A knotty problem for employers
Nevertheless, there will still be many “refusers” – all convinced that they are being entirely reasonable in refusing – and they could pose a knotty problem for you as an employer. On the one hand you have both legal and moral obligations to keep your workplace as safe as possible, but on the other hand refusers have their own strong legal and moral rights, both as citizens and as employees. For example, health, bodily integrity and privacy concerns, and concerns related to religious and cultural beliefs, raise issues of constitutional protection.
It boils down to a series of competing questions. Can you fire employees for refusing vaccination? Can your vaccinated employees and/or health officials hold you accountable for allowing unvaccinated employees into the workplace? Can employees who are vaccinated at your behest hold you liable if they suffer adverse reactions or health problems?
Between a rock and a hard place…
That all leaves employers walking a tightrope between competing sets of risks and employee rights, with the added complication of statutory requirements to provide a safe working environment.
There is unfortunately no clarity on what line our courts will take when addressing the many disputes that will inevitably arise, but amidst all the speculation there does at least appear to be broad consensus that a case-by-case approach is probably the safest and the fairest way to proceed.

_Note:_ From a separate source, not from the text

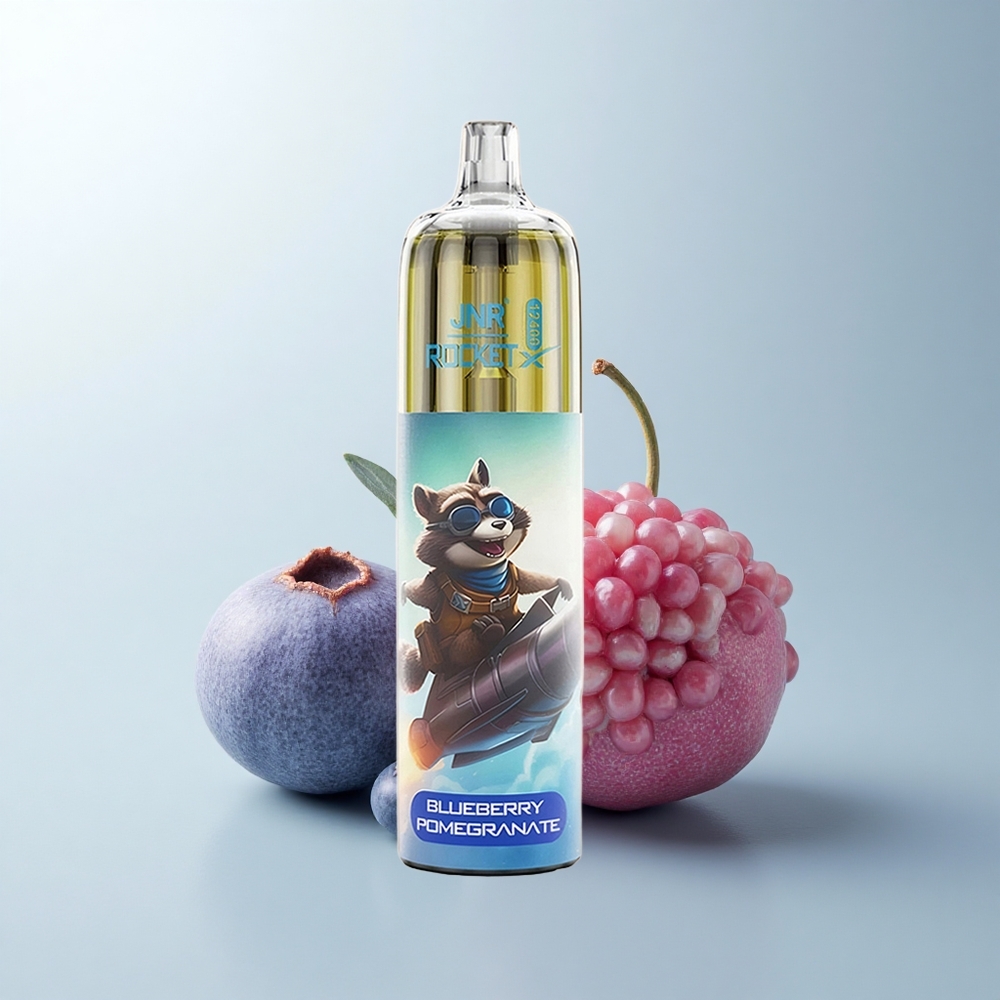 JNR Rocket-X 12400 Puffs Myrtille Grenadine à Flux d\'Air Réglable et Lumières RGB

That suggests that the most prudent course, at least until there is some clarity from the courts, is to tread carefully and lightly, and to act strictly in line with the general principles of our employment laws.
Some general principles to bear in mind
- Government has made it clear that despite our unprecedented National State of Disaster, vaccination is voluntary. It will try to persuade us to get the jabs, but it won’t force us to. So, expect no intervention from that source other than on the educational side – see for example “COVID-19 Coronavirus vaccine myths and facts” on the Government Information website.

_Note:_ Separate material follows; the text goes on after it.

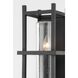 Carlo 1 Light 15 inch Textured Black Outdoor Wall Sconce, Small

- The fundamental employment law principle of fairness in both procedure and reasons for dismissal will remain critical to the outcome of any legal dispute.
- Beware “automatically unfair dismissal” in the form of discrimination on any “arbitrary ground”, specifically including grounds such as “…age, disability, religion, conscience, belief, political opinion, culture…” – any or all of which might underlie an employee’s objections to vaccination.
- Amongst other constitutional protections we all have the right to “bodily … integrity” so it is vital to adequately address individual health concerns, such as those around adverse reactions and side-effects. Ongoing reports of some vaccines being paused from use internationally (at date of writing, said to be an over-reaction by the countries in question) will contribute to these concerns, and the cautious will need reassurance.
- As always, and without losing sight of the need to address each individual employee’s concerns on a case-by-case basis, aim for agreement and consensus in the workplace via consultation. A full risk assessment specific to your workplace, and the educational resources mentioned above, could be invaluable here.
- Set a workplace policy on vaccination – contravention of a fair and reasonable policy will lay the groundwork for any charge of misconduct. Decide whether a flexible policy would suffice or whether mandatory vaccination is essential. Consider every possibility and circumstance – for example, can concerned staff be allowed to work remotely? Would employee fears be alleviated by access to specific medical advice? Do you operate in a sector (health care or retirement perhaps) where vaccination will be considered essential? And so on…
Every business will have its own particular business activities, needs and employees. So most importantly, take advice specific to your workplace!